Segment Open
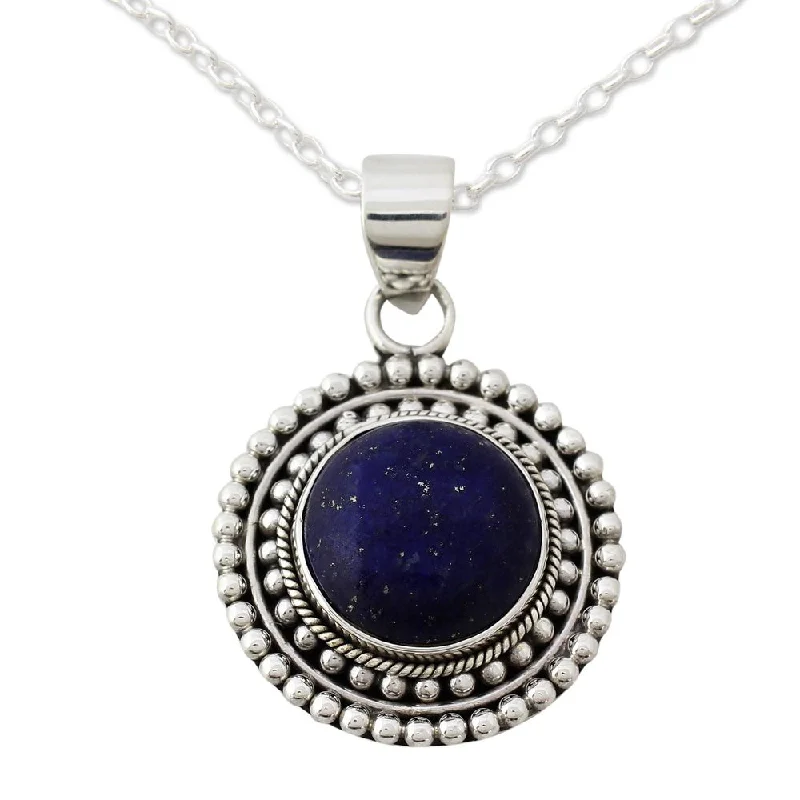 simple engraved name necklace -Lapis Lazuli Pendant Necklace, 'Royal Sunset' (India)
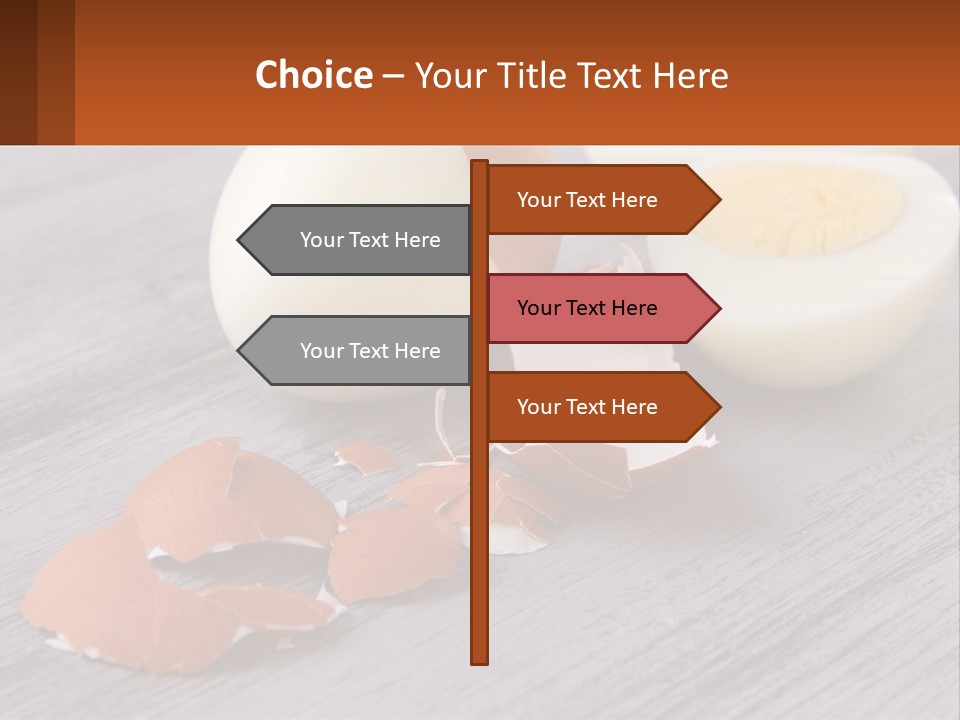 A Hard Boiled Egg On A Wooden Table PowerPoint Template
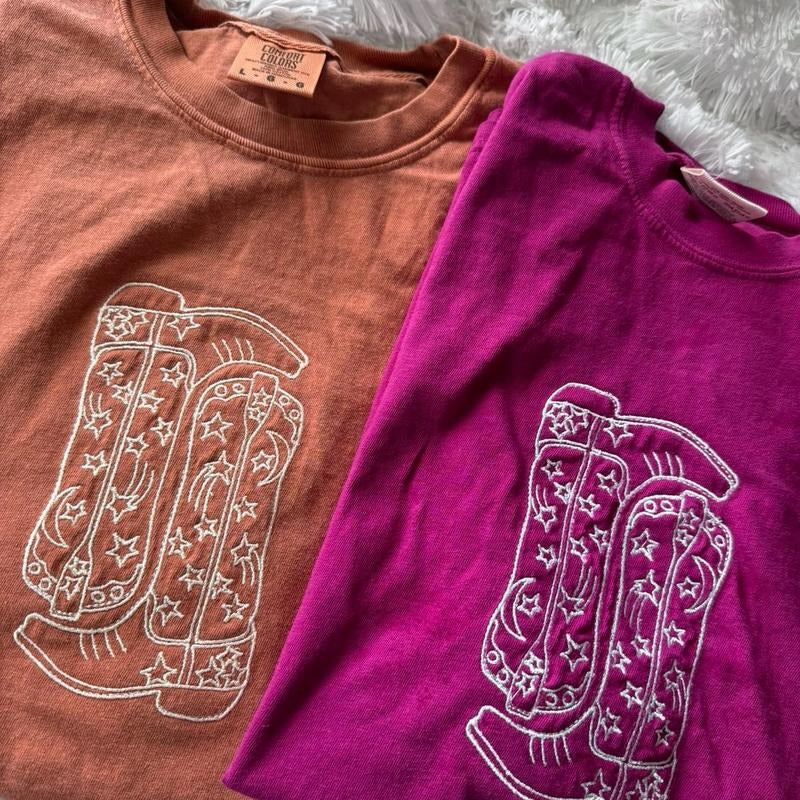 Cowboy Boot Embroidered Tshirt, Embroidered Tshirt, Cowboy Tshirt Hoodie, Sweatshirt | DripVista.com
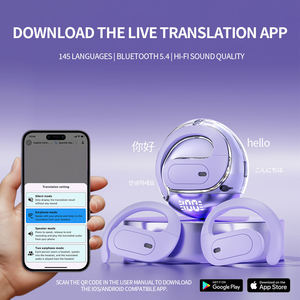 Auriculares inteligentes M112 AI, cómodos auriculares WiFi, interpretación simultánea, 145 idiomas, compatibilidad Android sin conexión en línea - Product Image 2
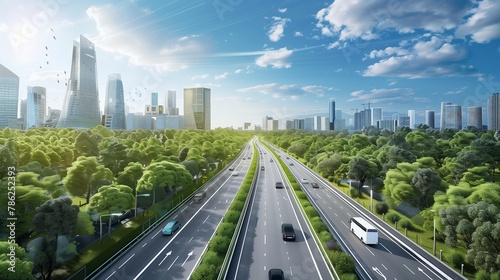 Sustainable transportation flows smoothly along a modern, tree-lined highway amidst a bustling cityscape.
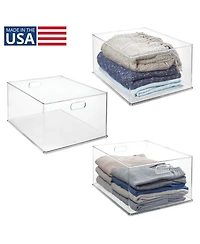 iDesign Stackable Plastic Storage Bin with Handles - Clear - Made in Usa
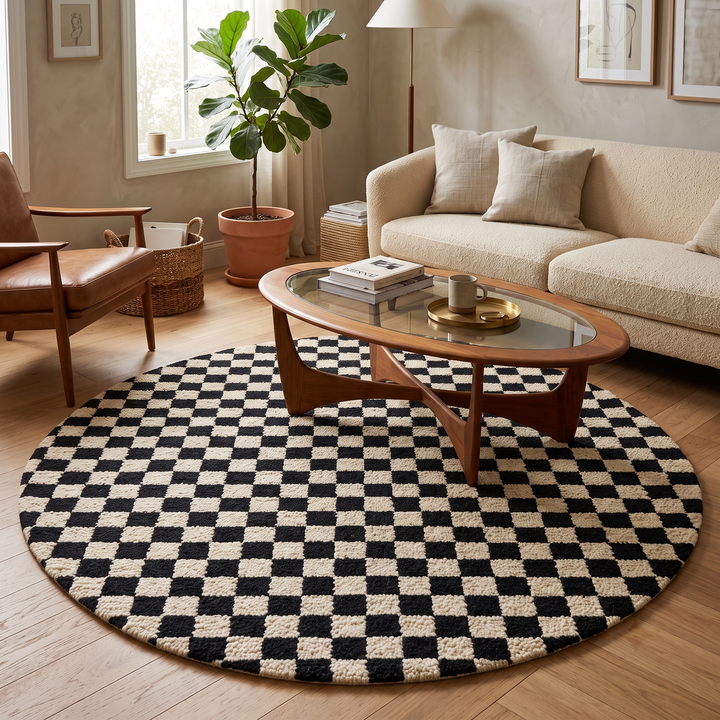 Round black and white checkered Moroccan wool rug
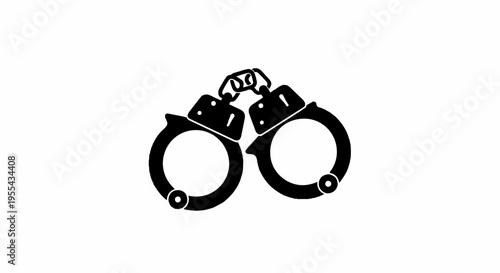Handcuffs in a circular shape on a white background law enforcement symbol
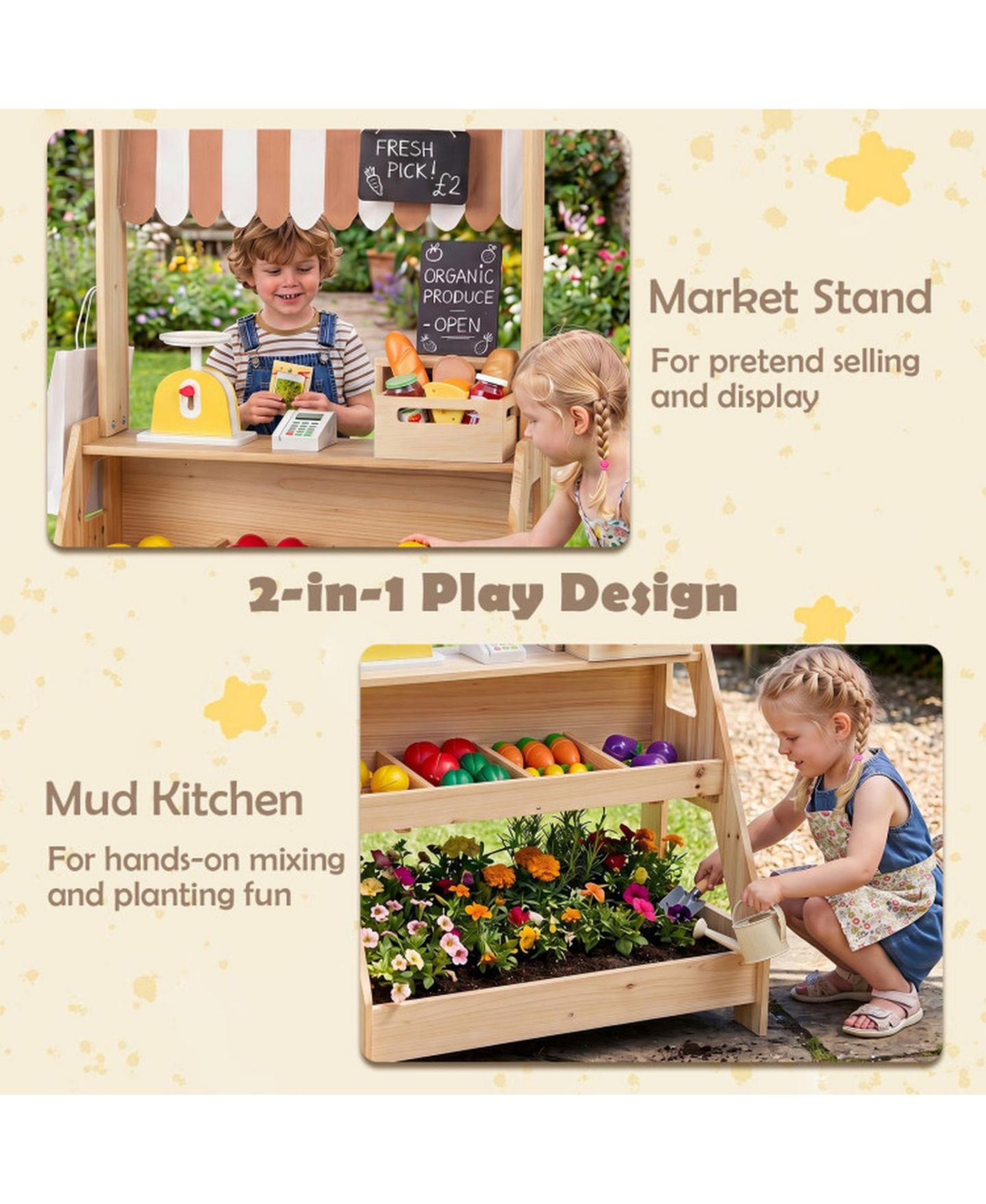 Детский игровой набор SUGIFT 2-in-1 Wooden Mud Kitchen and Market Stand 25-Piece Playset, Ages 3+, цвет: Натуральный — фото 7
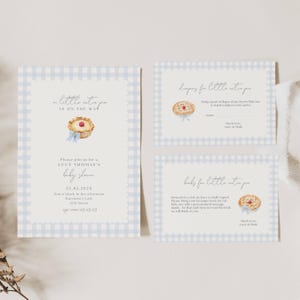 Pie Baby Shower Invite Boy, Cutie Pie Gingham Baby Shower, A Little Cutie Pie Is On The Way Baby Shower, Blue Gingham Cutie Pie Baby, CP01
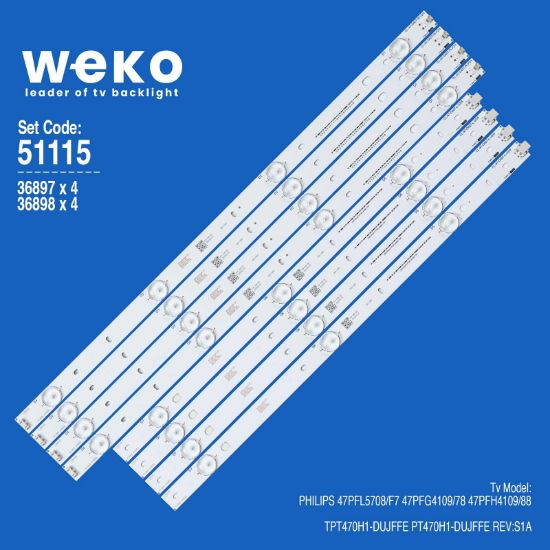 WKSET-6115 36897X4 36898X4 CL-47-D407-L/R-V4 8 ADET LED BAR resmi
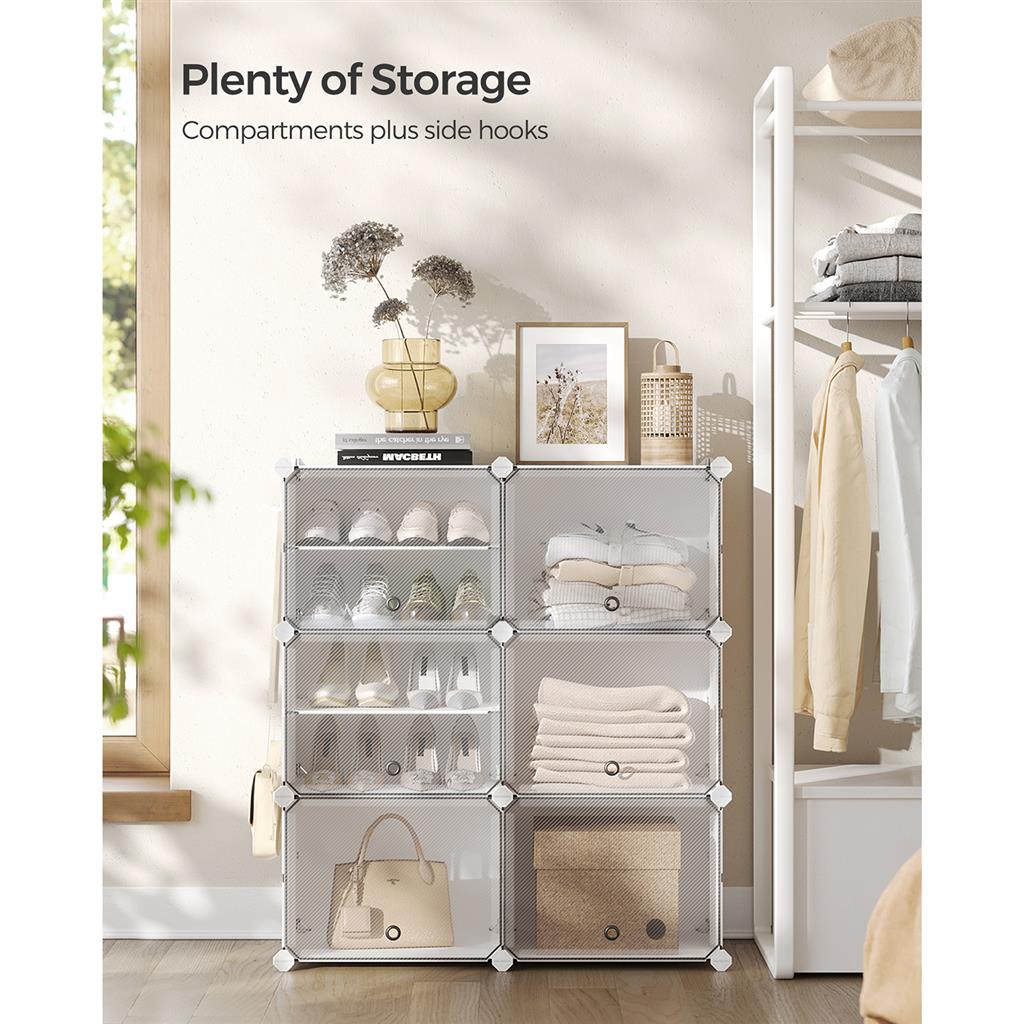 6 Cubes Shoe Organizer with Doors, Holds Up to 24 Pair of Shoes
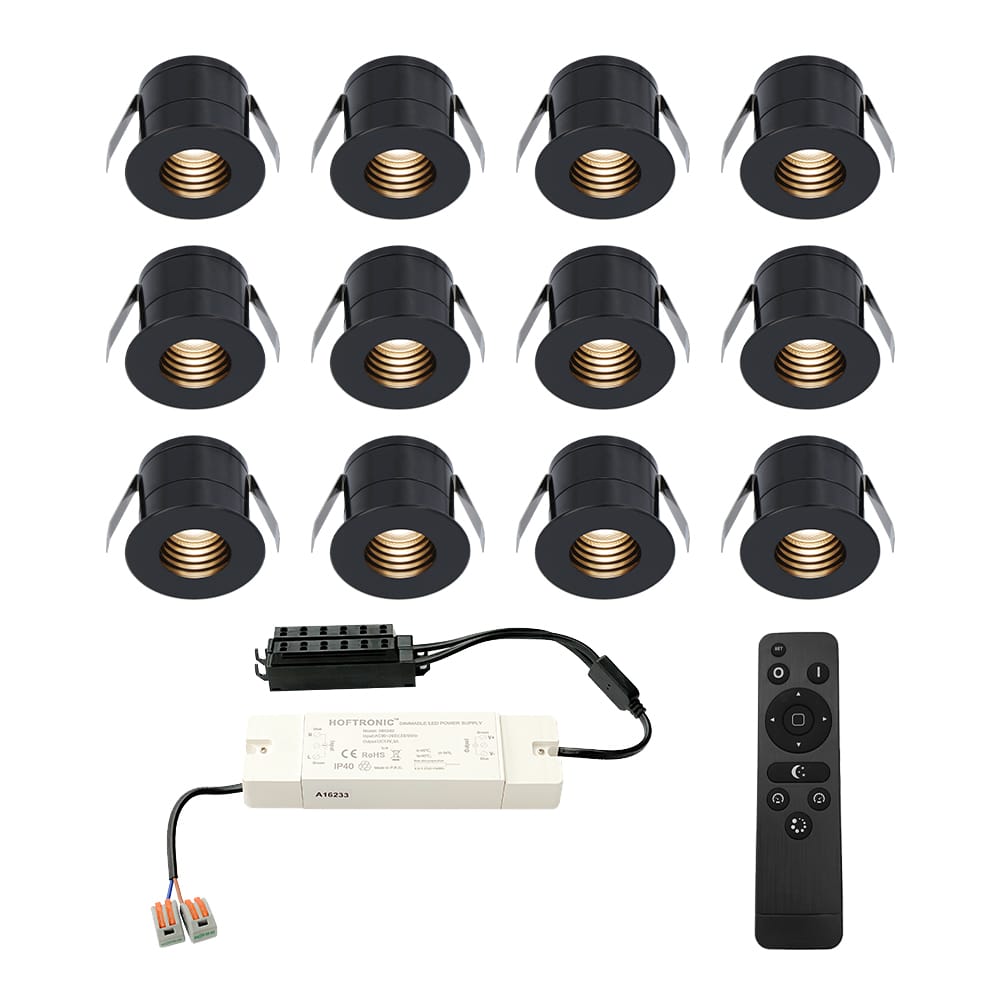 Set van 12 Betty LED Mini Inbouwspots met Trafo - 12 Volt 3 Watt 140 lumen - Dimbaar - Verzonken - Plat 37mm - 2700K - IP44 waterdicht - Zwart - Veranda spotjes - overkapping spotjes afbeelding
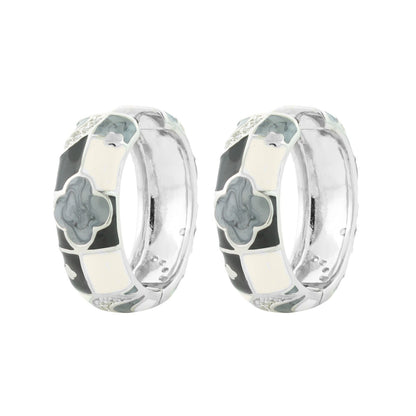 Fun Clover Earrings enamel hoop pair with gray clovers on silver-tone hoops on Tampa Home & Garden Store
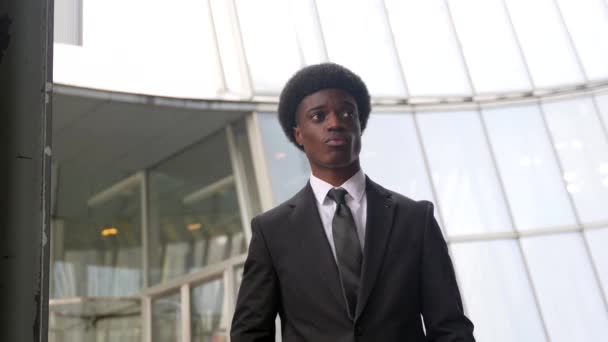 Портрет Молодого Зайнятого Африканського Бізнесмена Який Розмовляє Мобільним Телефоном Під — стокове відео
Segment Closed
Return verbatim every line from the line containing "Round black and" to the last line of the entries above, inclusive, and leave out the pictures.

* _Written solution_:
 Round black and white checkered Moroccan wool rug
Handcuffs in a circular shape on a white background law enforcement symbol
 Детский игровой набор SUGIFT 2-in-1 Wooden Mud Kitchen and Market Stand 25-Piece Playset, Ages 3+, цвет: Натуральный — фото 7
 Pie Baby Shower Invite Boy, Cutie Pie Gingham Baby Shower, A Little Cutie Pie Is On The Way Baby Shower, Blue Gingham Cutie Pie Baby, CP01
 WKSET-6115 36897X4 36898X4 CL-47-D407-L/R-V4 8 ADET LED BAR resmi
 6 Cubes Shoe Organizer with Doors, Holds Up to 24 Pair of Shoes
 Set van 12 Betty LED Mini Inbouwspots met Trafo - 12 Volt 3 Watt 140 lumen - Dimbaar - Verzonken - Plat 37mm - 2700K - IP44 waterdicht - Zwart - Veranda spotjes - overkapping spotjes afbeelding
 Fun Clover Earrings enamel hoop pair with gray clovers on silver-tone hoops on Tampa Home & Garden Store
 Портрет Молодого Зайнятого Африканського Бізнесмена Який Розмовляє Мобільним Телефоном Під — стокове відео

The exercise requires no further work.